▶ PROVIDED DATA:
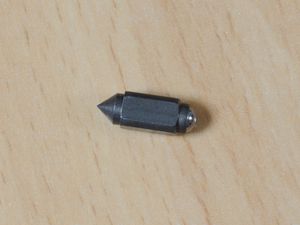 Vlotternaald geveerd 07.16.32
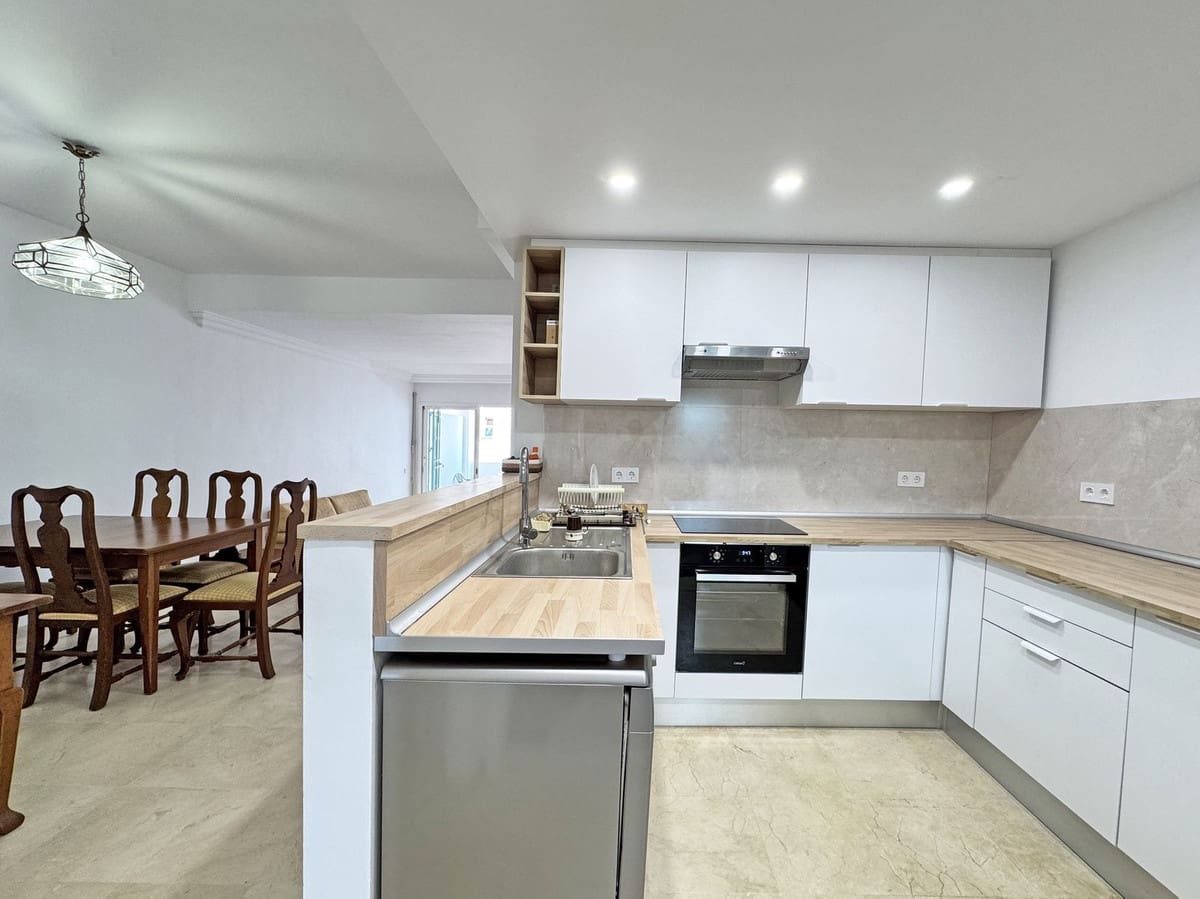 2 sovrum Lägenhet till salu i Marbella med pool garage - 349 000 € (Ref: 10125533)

...

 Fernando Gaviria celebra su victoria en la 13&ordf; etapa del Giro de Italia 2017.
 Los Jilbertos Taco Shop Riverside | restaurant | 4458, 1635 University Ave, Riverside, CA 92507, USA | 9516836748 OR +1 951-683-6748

==

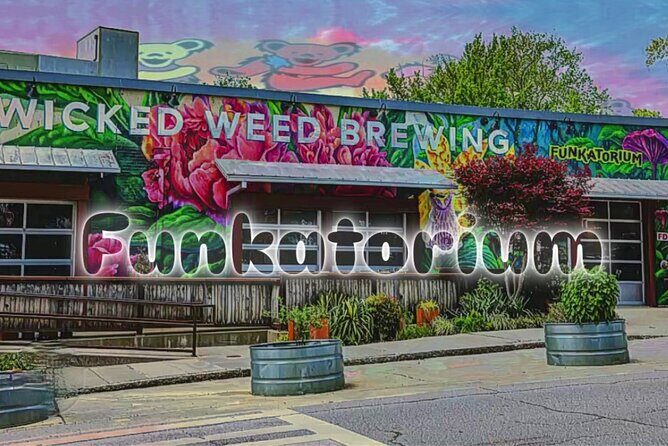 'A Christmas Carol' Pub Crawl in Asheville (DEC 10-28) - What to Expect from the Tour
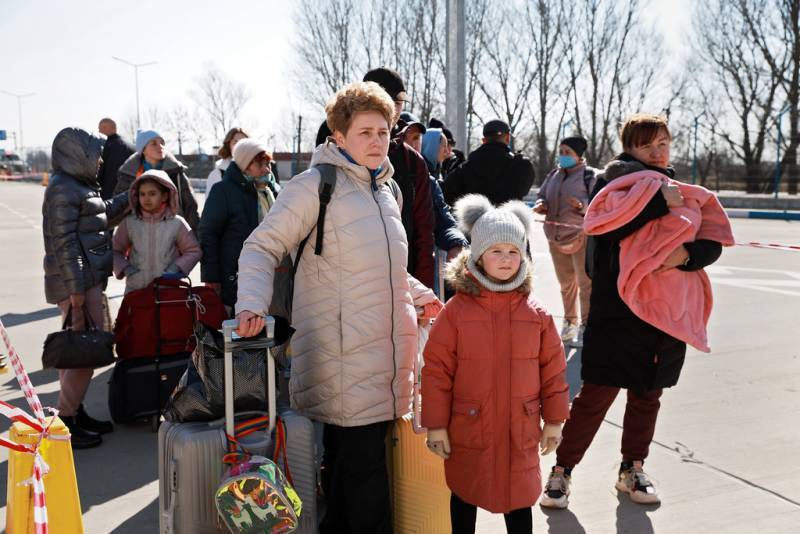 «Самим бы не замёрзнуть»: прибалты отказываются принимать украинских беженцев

▶ ACTIVITY: Take the material above and output only the lines from the one that contains "Vlotternaald geveerd 07.16.32" through the one that contains "2 sovrum Lägenhet", ends included and images left out.

▶ EXERCISE OUTPUT:
 Vlotternaald geveerd 07.16.32
 2 sovrum Lägenhet till salu i Marbella med pool garage - 349 000 € (Ref: 10125533)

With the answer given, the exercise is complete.